= Vijay Rattan Choudhry =

Indian Army soldier

Major Vijay Rattan Choudhry (9 July 1939 – 11 December 1971), was a soldier who served in the 9 Engineers Regiment of the Indian Army. He was an alumnus of The Lawrence School, Sanawar. He was posthumously awarded the Maha Vir Chakra for bravery displayed in the Indo-Pak war of 1971.

== Early life ==
Choudhry was born in present-day Ambala, Haryana, on 9 July 1939.

==Award of Maha Vir Chakra==

Major Vijay Rattan Choudhary commanding 405 Fd Company of 9 Engineer Regiment was in charge of minefield clearance of Chakra on the western front. The safe lanes had to be made with great speed to enable tanks and anti tank weapons to reach Chakra, which was in imminent danger of a counterattack by Pakistan armor. With utter disregard for his personal safety, Major Vijay Rattan Choudhary personally supervised the operation, inspiring and motivating his men to their optimum efficiency. Throughout the advance, from 5 December onwards, he displayed exemplary devotion to duty and was responsible for clearance of minefields of 1000-1500 yards depth at Thakurdwara, Lohara and Basantar river. While supervising the minefield lane near Basantar river this gallant officer was killed due to enemy artillery fire.
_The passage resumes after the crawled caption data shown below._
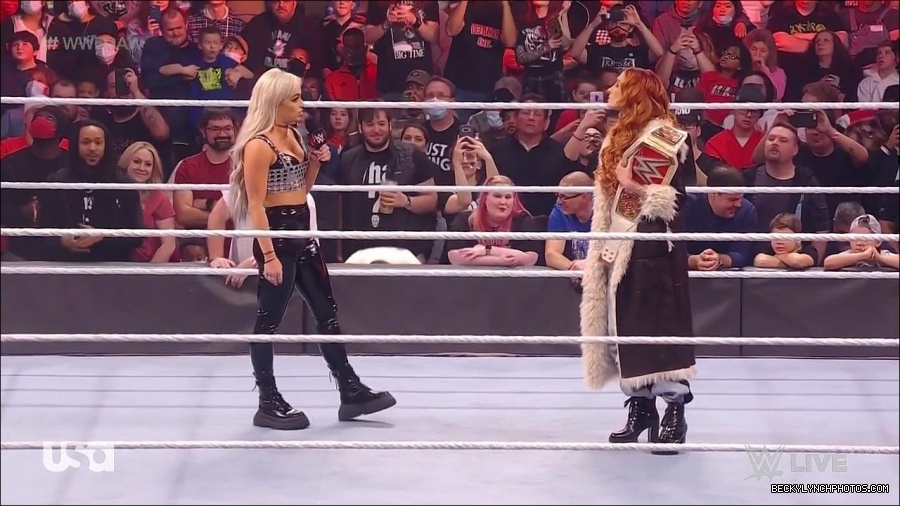 WWE_Monday_Night_Raw_2022_01_03_720p_HDTV_x264-NWCHD_mp4_002673807.jpg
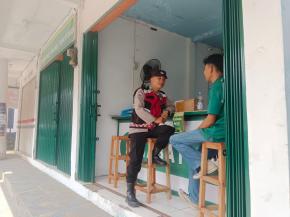 Penjaga Sahabat Gadai Loji Diedukasi Personil Polsek Tegalwaru Saat Patroli Siang Agar Waspada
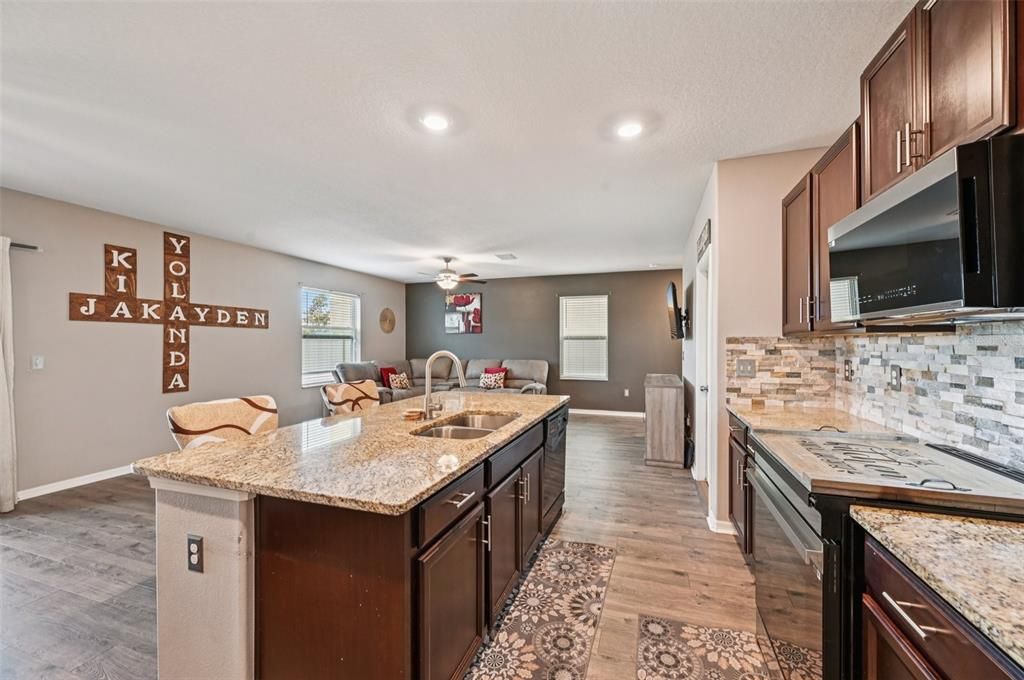 En Venta: $315,000 (4 camas, 2 baños, 1914 Pies cuadrados)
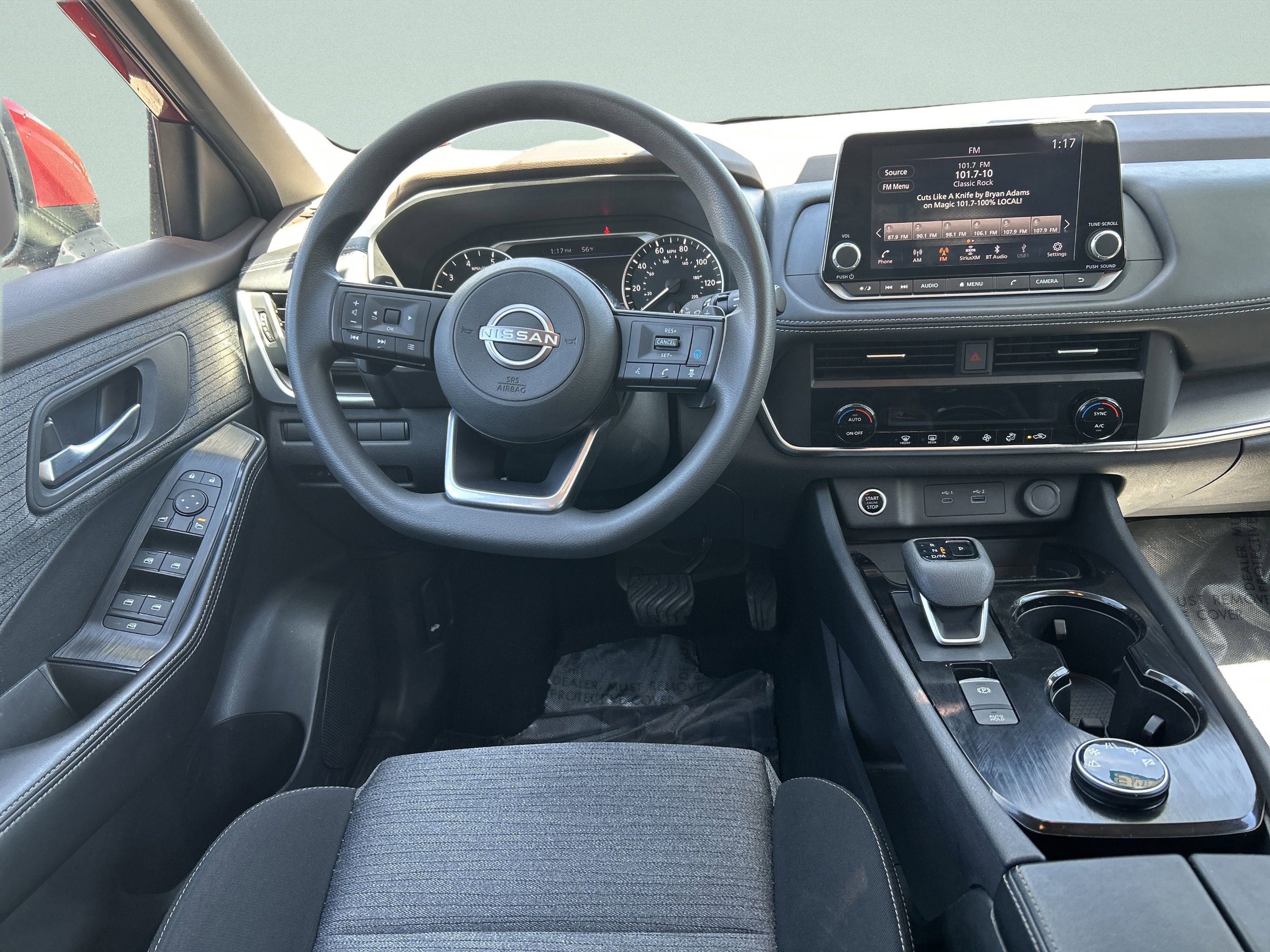 Used 2023 Nissan Rogue SV image 22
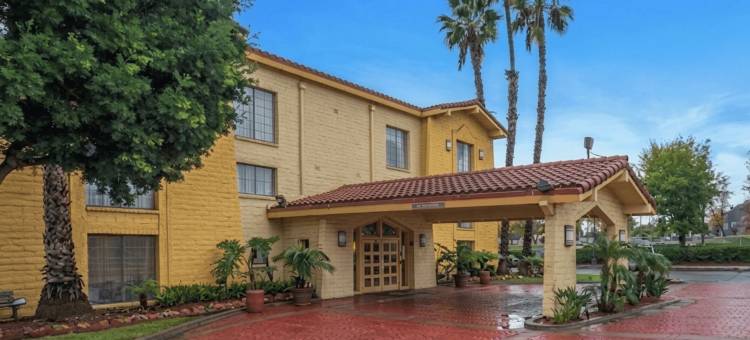 圣地亚哥维斯塔戴斯酒店(Days Inn by Wyndham San Diego Vista)图片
Major Vijay Rattan Choudhary's exceptional devotion to duty, extraordinary bravery, inspiring leadership and supreme sacrifice were in the highest traditions of the Indian Army.

===Other Honors===

To honor his bravery, the Municipal Corporation of Ambala subsequently named one of the main crossroads at the Ambala Cantonment, Saddar Bazaar after him, now called 'Vijay Rattan Chowk'. At this junction three Busy roads meet namely Railway Road, Rai market and Durga Charan Road.